The IFS says leaving the EU with a deal would be better for the economy than more delay - because the certainty would probably bring an investment boost and a rise in consumer sentiment.  But it would also need a fiscal stimulus.

"If this were to come with tax cuts and further spending increases together worth 1 to 1.5% of GDP (over and above the loosening at the September 2019 Spending Round), then growth should pick up to (a still poor) 1.5% a year in the short term".

The worst damage would happen under a no-deal Brexit, even a "relatively benign scenario: "We assume this would happen under a Conservative-led government, which would implement further fiscal loosening totalling 2% of GDP. Interest rates are cut to zero alongside £50 billion of quantitative easing. Private consumption and investment growth falls while net trade is also a drag on growth. Overall, the economy does not grow over the next two years, and grows by just 1.1% in 2022, leaving it 2.5% smaller in that year than under our base case".

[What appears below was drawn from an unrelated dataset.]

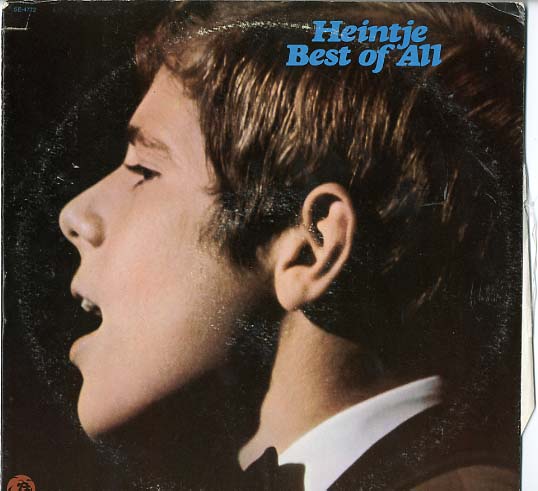 Albumcover Heintje (Simons) - Best Of All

The IFS thinks revoking Brexit would be the best economic outcome, which could see growth rise to 2% a year. This is most likely to happen under a Labour government - but the cost of implementing Labour's 2017 manifesto - such as the state buying back utilities and transport companies "would offset at least some of the benefits of remaining in the EU".

There is further bad news for business in the Financial Times, which leads with a Treasury report estimating the cost of filling in customs forms for UK companies post Brexit. The Treasury estimates that cost at £15bn a year - which the FT contrasts with Boris Johnson’s assertion that the UK will save £1bn a month by not making EU budget contributions.

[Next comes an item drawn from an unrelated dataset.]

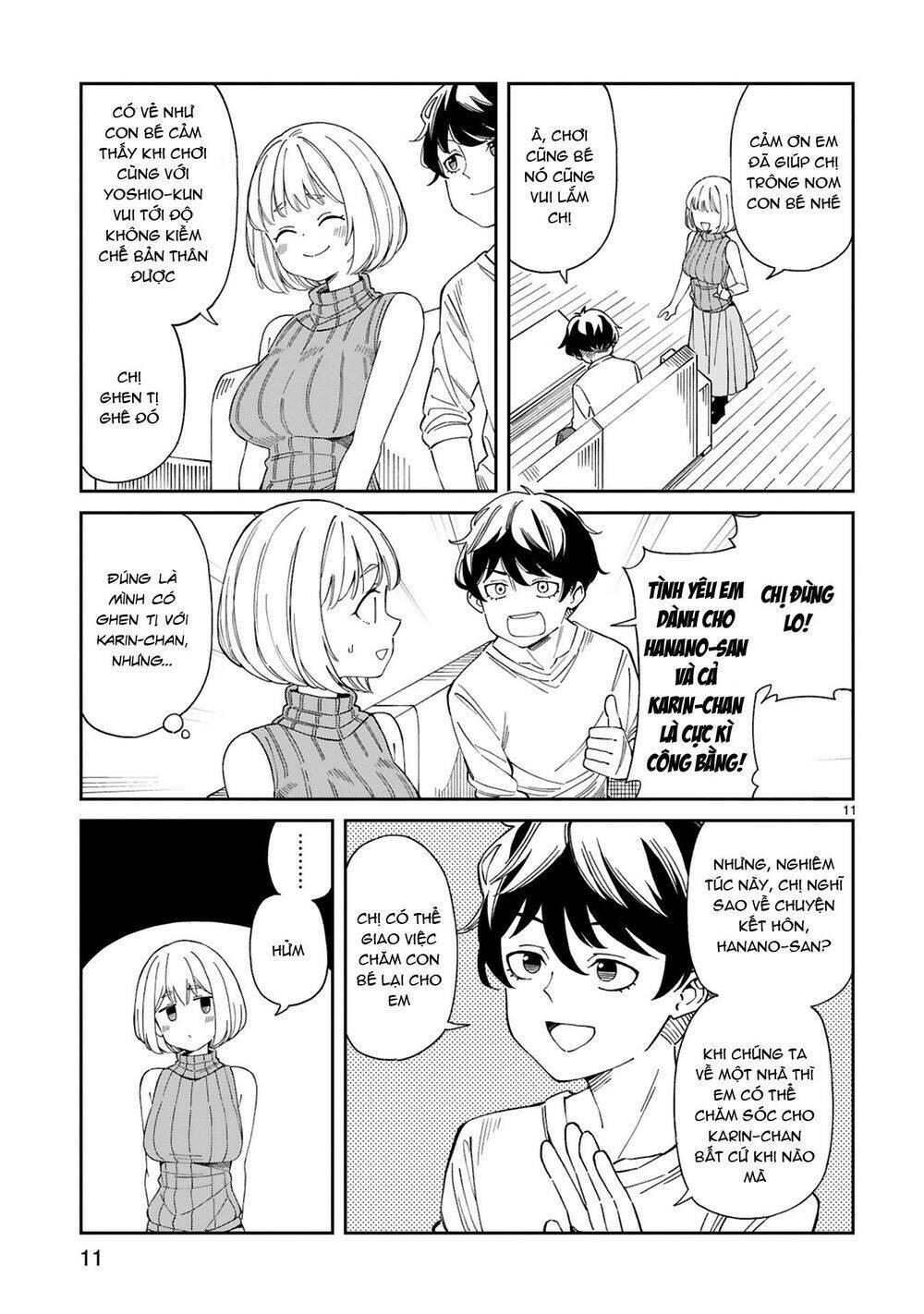 Arasaamama No Watashi De Ii No? Chương 6 Ảnh 13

The Treasury estimates filling in the paperwork for an average import consignment to the UK will take an hour and 45 minutes, and will cost £28 per consignment if done in house, or £56 per consignment if outsourced to a freight forwarding agent.

These costs are estimated to fall on the 245,000 UK businesses that trade with EU countries and so do not currently have to complete customs forms.  

The FT says the Treasury underestimates the customs cost of Brexit as it does not make any estimates for any impact on services companies - which make up the vast bulk of the UK economy - nor does the estimate look at the cost of preparing for the change to customs that will fall on businesses.

Finally, the UK is publishing a revised tariff list. Its substantially the same as the one published in March, but the notable changes are a cut in the tariff on the import of trucks - saving hauliers some £15,000 on the cost of a new HGV - and an increase in the tariff on imported bioethanol, to protect the UK industry.